My father's point in mentioning this speech was that the government debt is so large in the U.S. right now that the only way he sees us getting out of this mess is to inflate our way out. Many other people support this theory as well. I personally have been in more of the deflation, followed by a slow erosion in the value of the U.S. dollar camp rather than the immediate inflation camp, however when my father talks I listen.
On the subject of inflation, last week the Financial Times published an interesting Op-Ed piece on by Stanford's John Taylor. Here are a couple of interesting pieces of information that I took away from it:
Under President Barack Obama’s budget plan, the federal debt is exploding. To be precise, it is rising – and will continue to rise – much faster than gross domestic product, a measure of America’s ability to service it. The federal debt was equivalent to 41 per cent of GDP at the end of 2008; the Congressional Budget Office projects it will increase to 82 per cent of GDP in 10 years. With no change in policy, it could hit 100 per cent of GDP in just another five years...
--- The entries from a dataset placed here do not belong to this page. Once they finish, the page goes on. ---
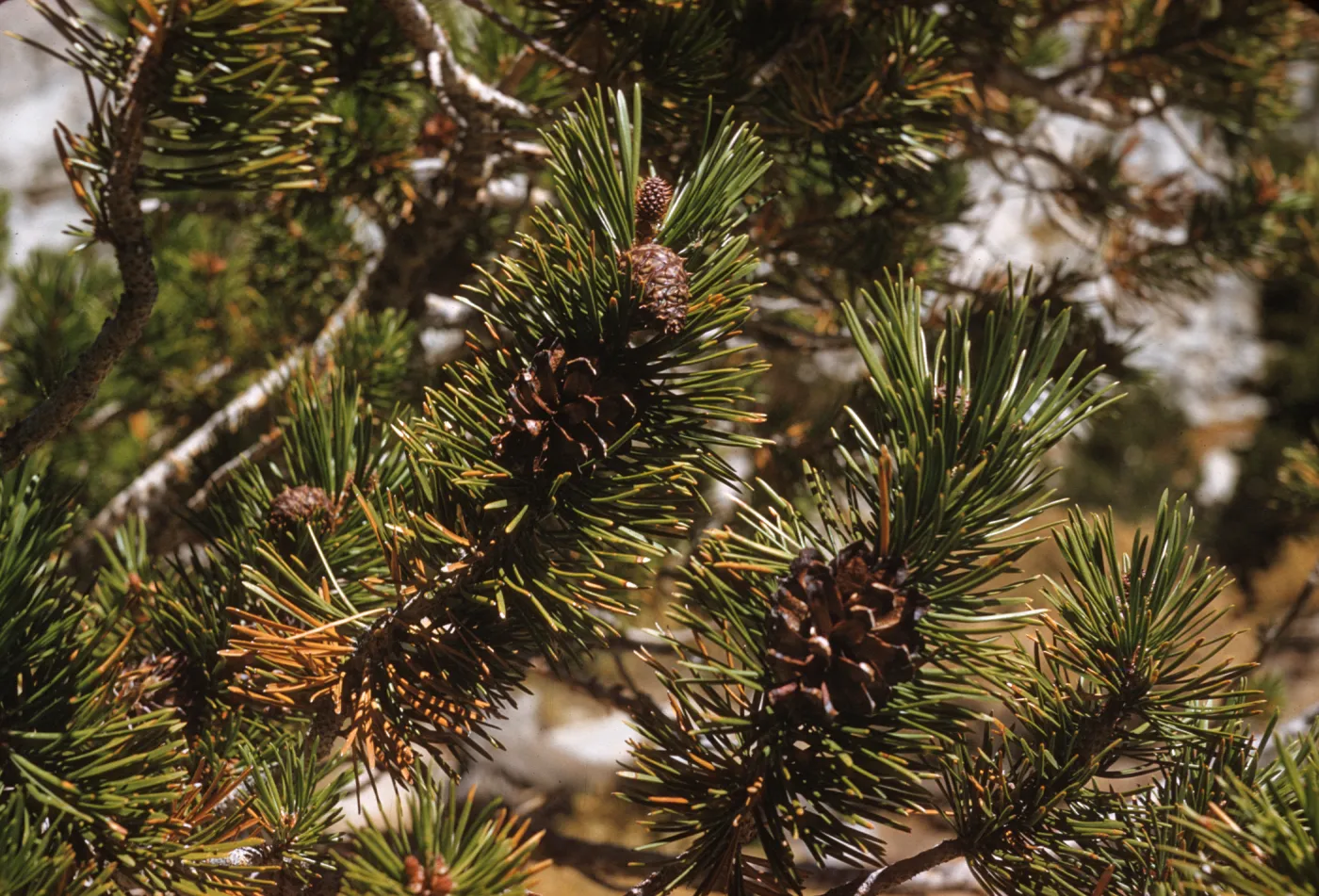 Short, narrow pine leaves grow conically around the ends of several branches. Small cones grow between the leaves.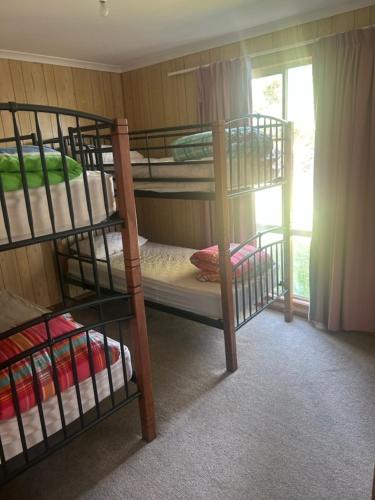 two bunk beds in a room with a window at Bundalong Hideaway in Bundalong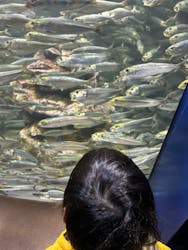 サンシャイン水族館に投稿された画像(2026/1/7)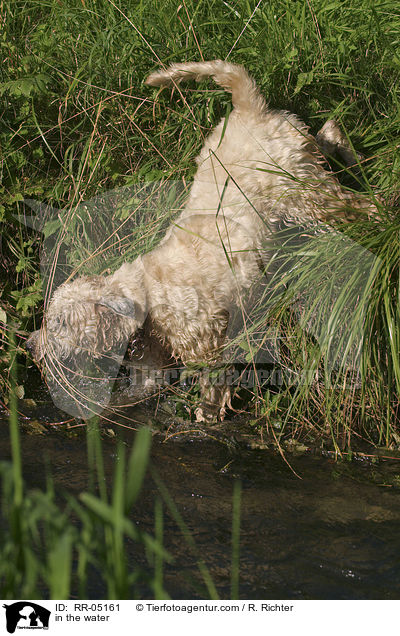 Irish Soft Coated Wheaten Terrier im Wasser / in the water / RR-05161
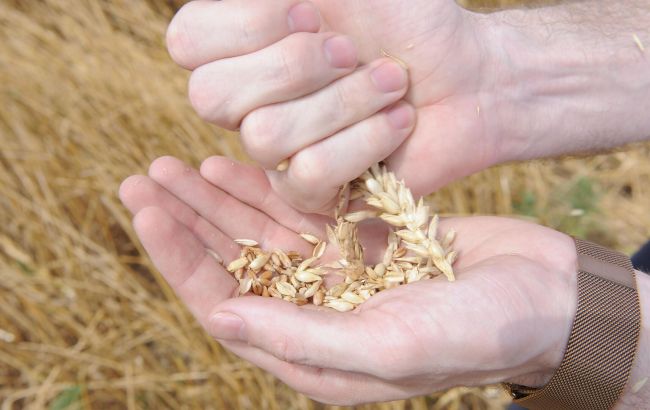 Депутаты в РФ призвали вывозить зерно с оккупированных районов Херсонской области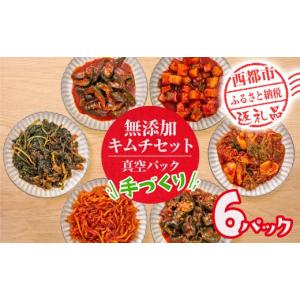 ふるさと納税 加工品等 キムチ 宮崎県 西都市 季節のお野菜でつくる 手作り無添加キムチ 6種類 キムチ食べ比べ 囲炉裏Cafe灯 高評価 人気 惣菜 きむち 漬物 韓…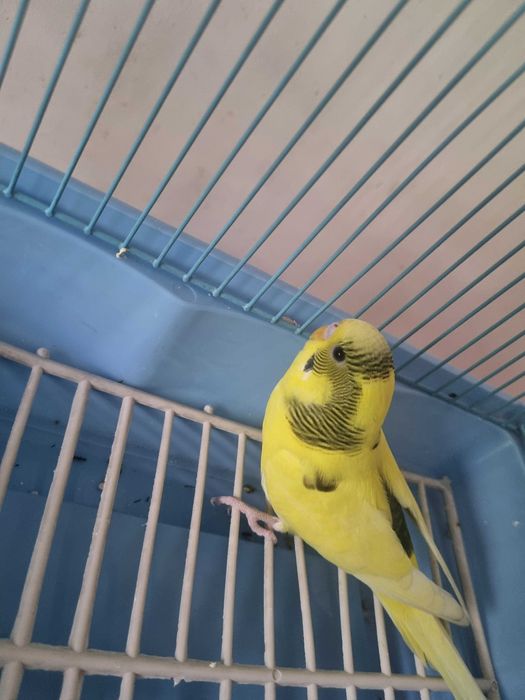 vand pui de perus,mascul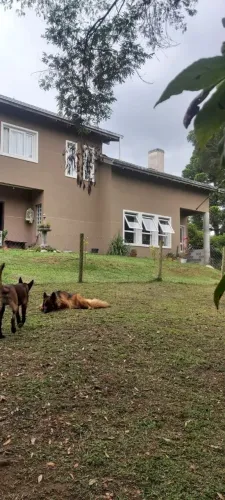 Chácara em Colombo 200 metros da estrada da Ribeira com sobrado, canil para cachorro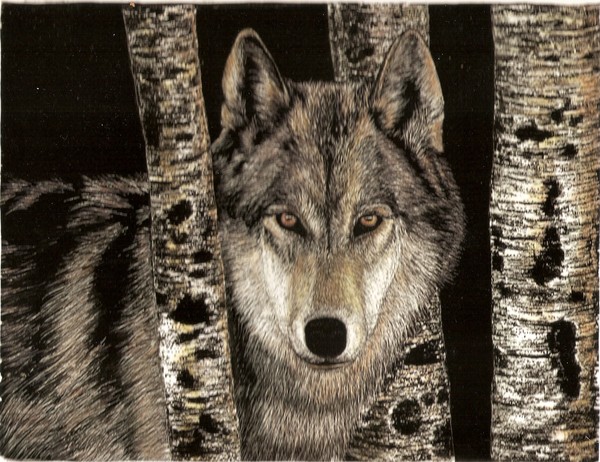 wolf in birch #1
I believe the risk posed by this debt is systemic and could do more damage to the economy than the recent financial crisis. To understand the size of the risk, take a look at the numbers that Standard and Poor’s considers. The deficit in 2019 is expected by the CBO to be $1,200bn (€859bn, £754bn). Income tax revenues are expected to be about $2,000bn that year, so a permanent 60 per cent across-the-board tax increase would be required to balance the budget. Clearly this will not and should not happen. So how else can debt service payments be brought down as a share of GDP?...
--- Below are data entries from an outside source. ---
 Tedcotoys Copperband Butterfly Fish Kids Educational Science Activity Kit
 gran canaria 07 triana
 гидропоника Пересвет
Inflation will do it. But how much? To bring the debt-to-GDP ratio down to the same level as at the end of 2008 would take a doubling of prices. That 100 per cent increase would make nominal GDP twice as high and thus cut the debt-to-GDP ratio in half, back to 41 from 82 per cent. A 100 per cent increase in the price level means about 10 per cent inflation for 10 years. But it would not be that smooth – probably more like the great inflation of the late 1960s and 1970s with boom followed by bust and recession every three or four years, and a successively higher inflation rate after each recession.
Here's a link to the FT article for anyone who's interested: Exploding debt threatens America.
We are really in unprecedented times. I doubt that anyone alive has seen markets and an economy like what we are currently experiencing, not even the grizzald vetrans of the investing world. Life is dynamic. No one knows for certain exactly what is going to happen in the future.
As an investor, I like to keep an open mind and be flexible. I also have become more conservative in my old(er) age. I have constructed a portfolio of high yielding corporate bonds (around 10% YTM) that have reasonable maturities (7 years or less in most cases) to protect my portfolio in the event of deflation. At the other end of the spectrum, I own stock in a number of companies that will benefit in an inflationary environment such as oil and natural gas. I also own common stock in several dividend-paying international companies that sits somewhere in the middle of these two extremes. Lastly, I am working on building up an even lager cash cushion to act as an emergency fund.